The curmudgeonly yet beloved voice of the 60 Minutes segment “A Few Minutes with Andy Rooney” for 33 years, Rooney died on November 4th in a New York hospital, following complications from a minor surgery. He was 92, and had delivered his last broadcast on October 2.
Born on January 14 in Albany, NY to Walter and Ellinor Rooney, he demonstrated an interest in writing and journalism from a young age – working as a copy boy at The Knickerbocker News before enrolling at Colgate University, where he wrote for the college newspaper.
He was drafted into the Army in 1941 and eventually became a Sergeant, also working as a reporter for Stars and Stripes. His time in the war provided him with material for My War, one of the 12 books he would go on to publish.
After the war, Rooney did freelance work, before convincing Arthur Godfrey at CBS to hire him as a writer. Though he wrote for a slew of other celebrities and was a frequent contributor to national magazines and newspapers, Rooney became best known for his weekly television essays on 60 Minutes, the topics of which ranged from seemingly mundane things such as doors and cereal boxes to discussions of baseball, college tuition and, occasionally, current affairs.
Rooney also garnered attention for various insulting remarks, some of which resulted in his suspension from the airwaves for brief periods of time.
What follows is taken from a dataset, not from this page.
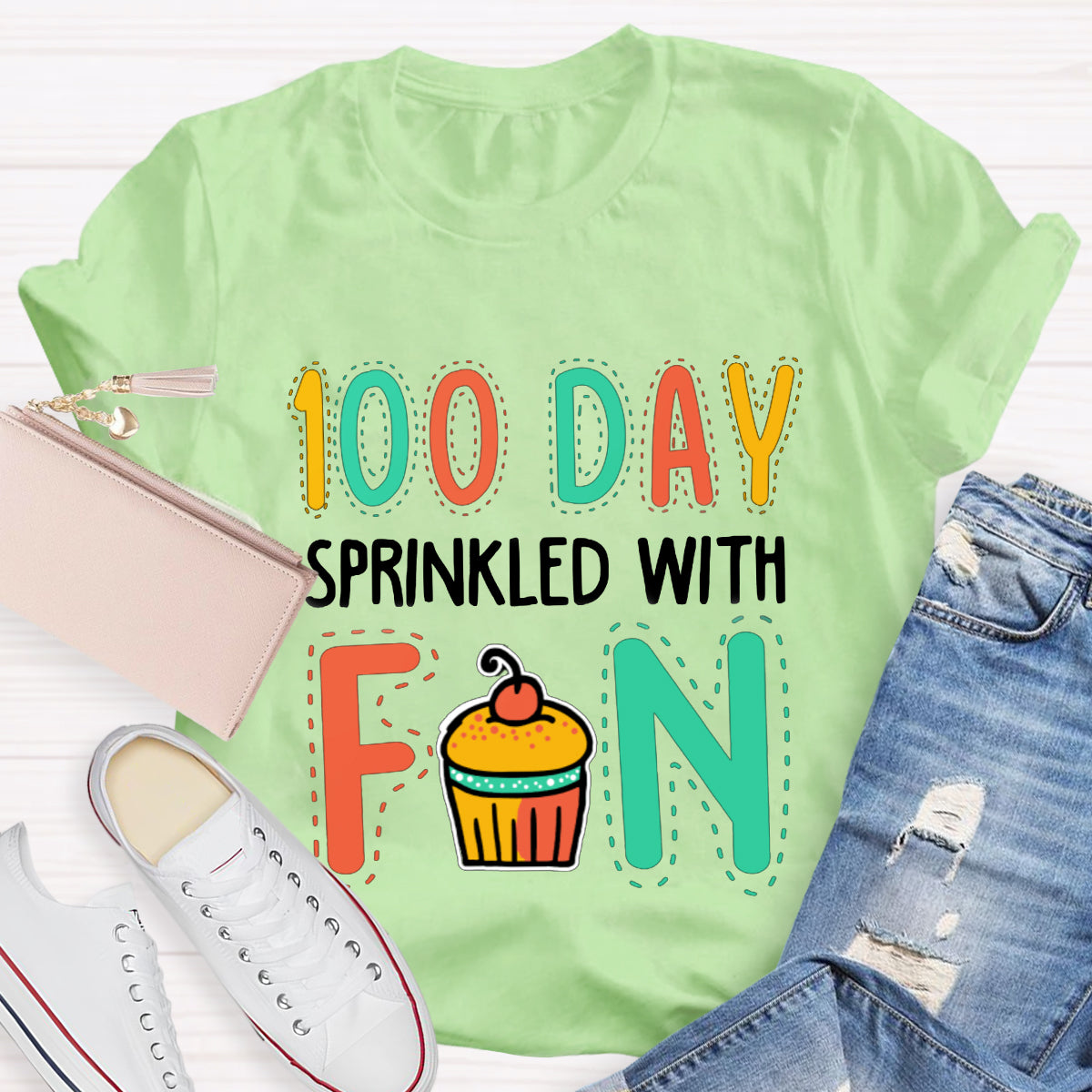 100 Days Sprinkled With Fun T-Shirt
Of his Irish roots, he once said “I’m proud of my Irish heritage, but I’m not Irish. I’m not even Irish-American. I am American, period.” In his last broadcast, he gave a perfect summation of his spirit and his legacy, stating, “I’ve done a lot of complaining here…but of all the things I’ve complained about, I can’t complain about my life.”
Rooney is survived by his four children with his wife of 62 years, Marguerite Howard, who predeceased him. He also leaves behind five grandchildren and two great-grandchildren.